Many at Monday’s hearing said they felt the new bill is more restrictive on who could receive access to medical cannabis. Hughes said he felt differently.
“The Compassionate Use Board is critical to this program. It is made up of physicians and what it is meant to do is allow them to decide on a case-by-case basis,” he said.
Hughes clarified that patients can access the board electronically. It is not meant to be an arduous process, but one that will help legislators take note of common illnesses that need to be added to the legislation, he said.
“It is not a have or have not. It is a criminal justice category, but those who find themselves outside of that category have access to this system and this process, but they will have to make a medical case,” Hughes said.
Doug Rice, vice president of the Epilepsy Association of Utah, took issue with the cube, as it would likely be made of gelatin. He said gelatin makes it so patients who are vegans, Hindus or Jews, plus patients with other issues regarding animal products, would be unable to use the only edible product available.

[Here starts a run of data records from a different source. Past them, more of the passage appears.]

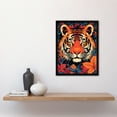 thumbnail image 2 of Tangerine Tiger Artwork Bold Bright Amber Orange And Red On Teal Art Print Framed Poster Wall Decor 12x16 inch, 2 of 5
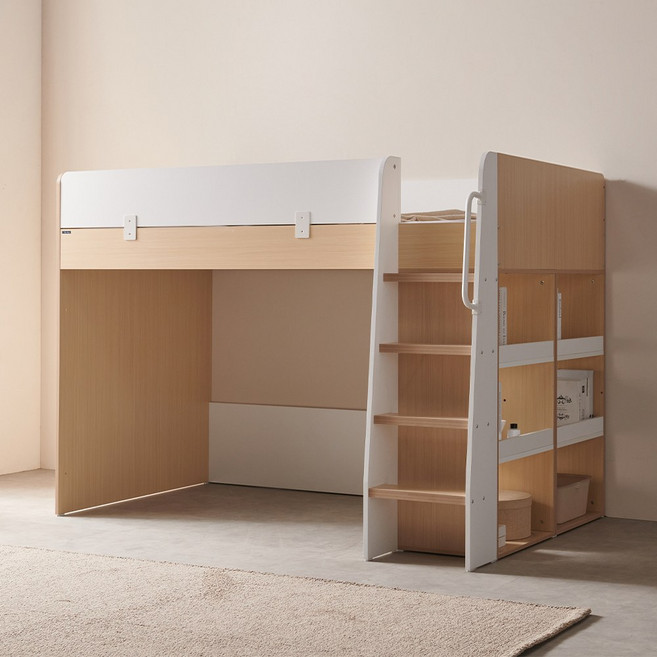 더끌림 스토리쥬4 수납 벙커침대 프레임 IKST401 보강대 방문설치, 화이트 + 메이플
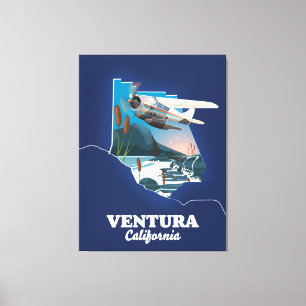 Reiseplan Ventura California Leinwanddruck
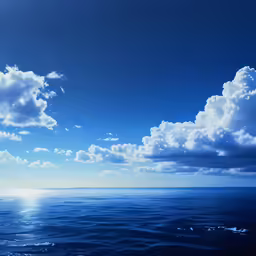 a lone boat is out in the ocean on a beautiful day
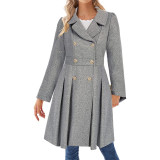 Women Fall and Winter Turndown Collar Double-Breasted Pocket Windbreaker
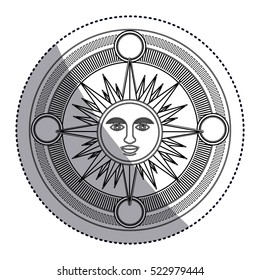 Isolated sun inside compass design
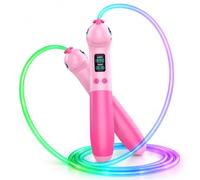 HappyGoLucky Cuerda para Saltar LED Niños con Contador, desde 3 Años | Pantalla LCD con Contador y Temporizador, 3 Modos de Luz, 8 Colores con 2 Botones Luminosos, Carga USB, Mango Unicornio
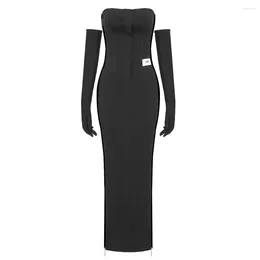 Casual Dresses Women Elegant Bandage Dress 2024 Sexy Strapless Bodycon Clothes Club Party Midi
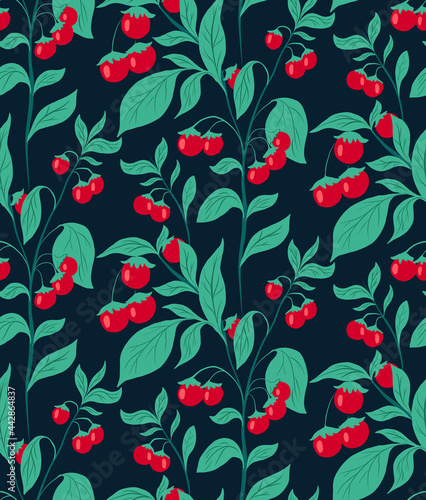 Seamless pattern with cherry tomatoes on the bushes with leaves on dark turquoise background. Vector natural flat texture. Gardening and horticulture. Wallpaper and fabric with herbs and vegetables.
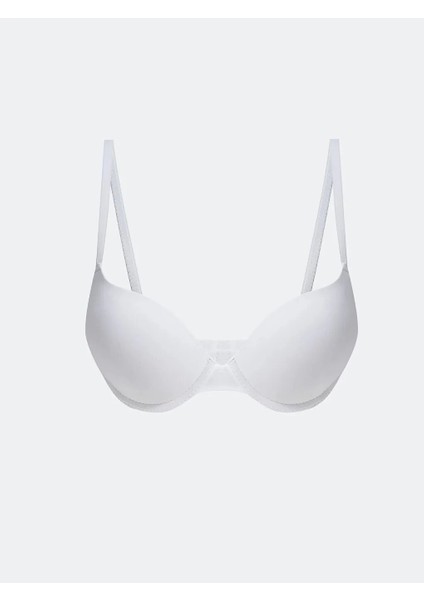 Scm Lıngerıe Beyaz Balenli Dolgulu Düz Tişört Sütyen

Utah educator Kelly Jones called the new proposed bill and the changes within “a betrayal of Utah’s voters” and said to push the new bill forward would “undermine democracy” within the state.
Utah residents at the hearing expressed many concerns, but the most common sentiment was that they voted for Proposition 2, the original bill, and that is the one they want to be enacted.
Under the Utah Medical Cannabis Act, possession of medical cannabis will be decriminalized starting Dec. 3, as long as a patient can prove they have a recommendation from a physician and the drug is in a medicinal dosage form.
Laura Bunker, the co-founder of Family Policy Resource, expressed her support for the new bill, saying it provides “compassion for patients and protections for children, such as making medical cannabis available only in medicinal dosage forms with no marijuana-infused edibles.”
Bunker said Utah has a responsibility to protect children, as Utah has the highest amount of children per capita in the nation.
“Our children and young people need to see that the state of Utah treats cannabis like medicine, and so should they,” Bunker said.